MATERIAL SHOWN Start Marker
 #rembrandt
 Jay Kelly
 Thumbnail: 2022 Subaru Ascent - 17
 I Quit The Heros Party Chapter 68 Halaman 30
MATERIAL SHOWN End Marker
MATERIAL SHOWN Start Marker
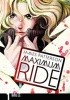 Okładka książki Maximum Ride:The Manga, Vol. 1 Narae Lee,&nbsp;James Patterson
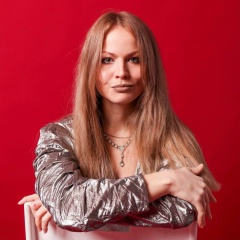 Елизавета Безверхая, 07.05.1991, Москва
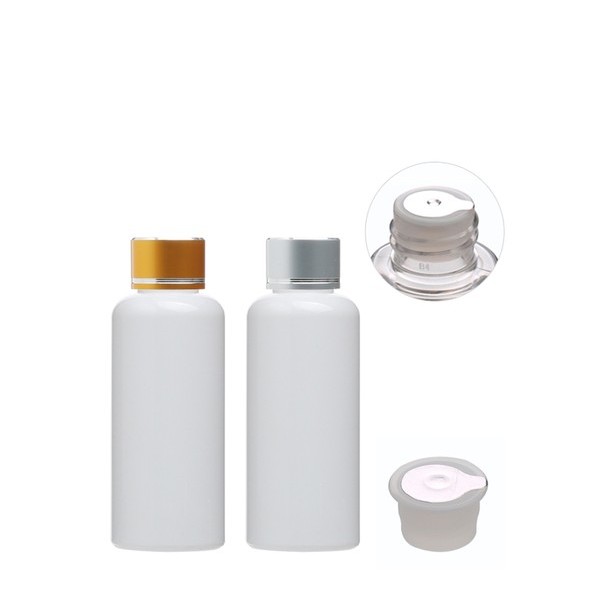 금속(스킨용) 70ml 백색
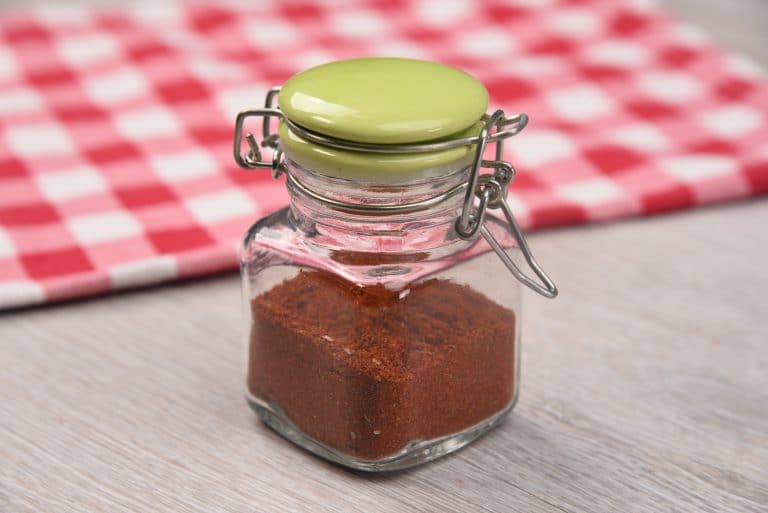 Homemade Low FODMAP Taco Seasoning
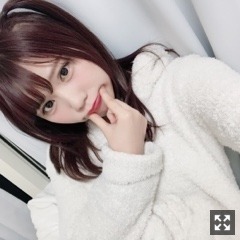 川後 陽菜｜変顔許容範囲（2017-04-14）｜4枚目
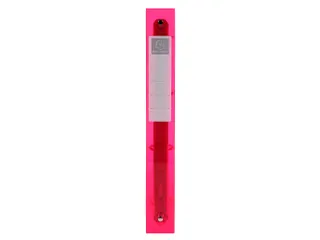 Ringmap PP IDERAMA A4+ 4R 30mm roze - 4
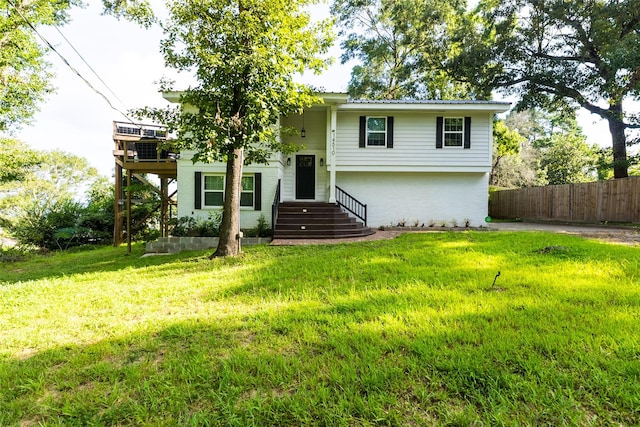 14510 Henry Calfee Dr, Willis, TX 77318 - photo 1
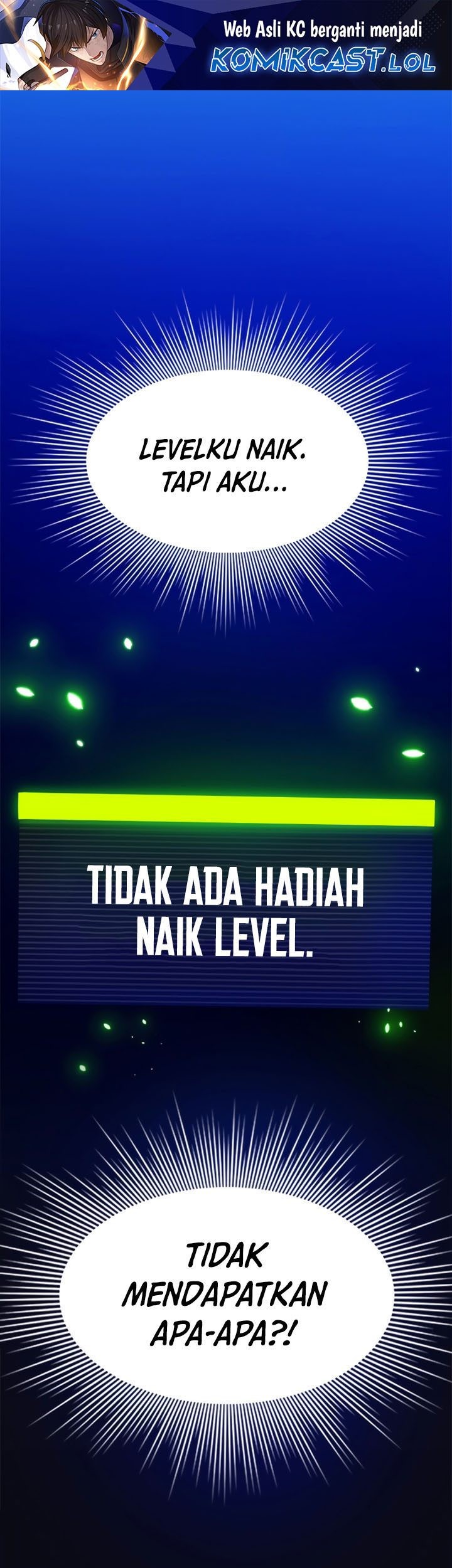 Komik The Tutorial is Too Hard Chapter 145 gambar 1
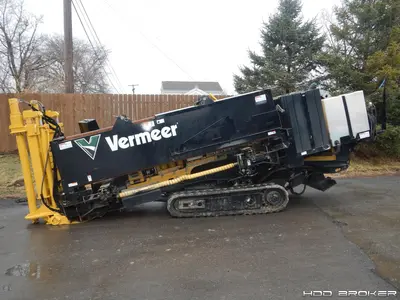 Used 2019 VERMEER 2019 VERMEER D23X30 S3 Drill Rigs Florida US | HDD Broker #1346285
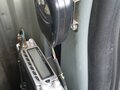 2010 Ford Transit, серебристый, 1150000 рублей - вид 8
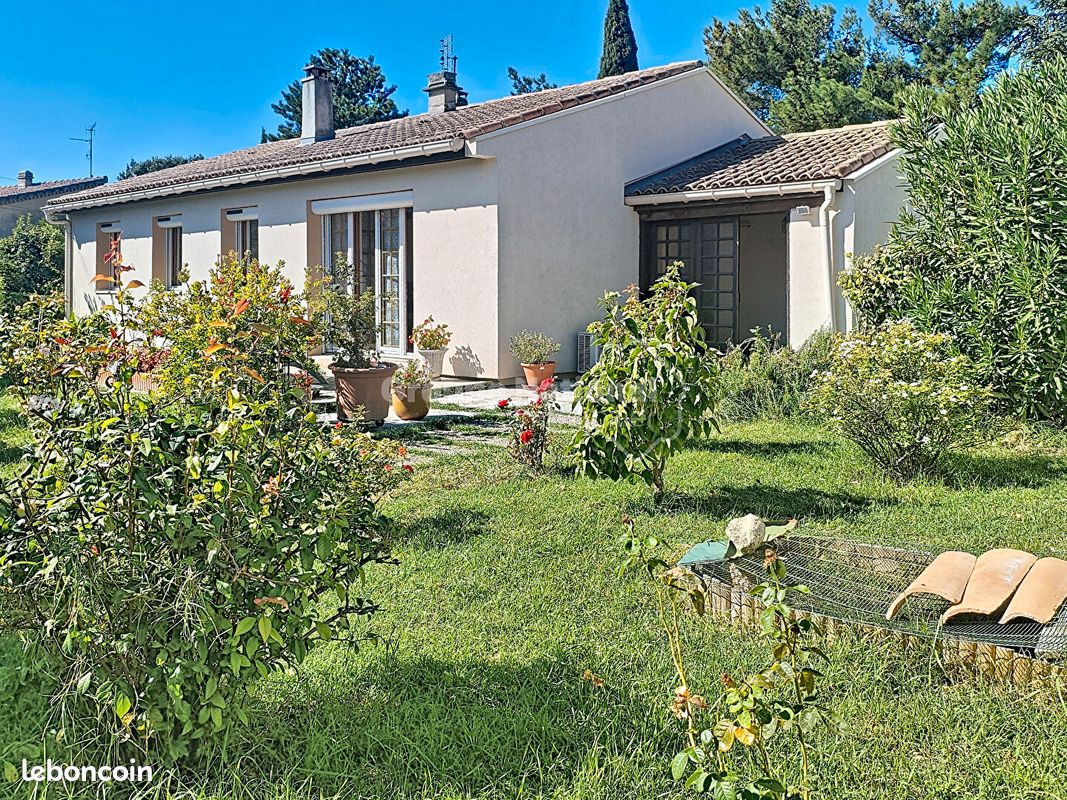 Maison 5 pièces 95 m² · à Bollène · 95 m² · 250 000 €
MATERIAL SHOWN End Marker
- **DIRECTIONS**:
Take the material above from the line containing "Homemade Low FODMAP Taco Seasoning" up to and including the line containing "Maison 5 pièces" and retype it exactly, without any pictures.

- **REPLY**:
 Homemade Low FODMAP Taco Seasoning
 川後 陽菜｜変顔許容範囲（2017-04-14）｜4枚目
 Ringmap PP IDERAMA A4+ 4R 30mm roze - 4
 14510 Henry Calfee Dr, Willis, TX 77318 - photo 1
 Komik The Tutorial is Too Hard Chapter 145 gambar 1
 Used 2019 VERMEER 2019 VERMEER D23X30 S3 Drill Rigs Florida US | HDD Broker #1346285
 2010 Ford Transit, серебристый, 1150000 рублей - вид 8
 Maison 5 pièces 95 m² · à Bollène · 95 m² · 250 000 €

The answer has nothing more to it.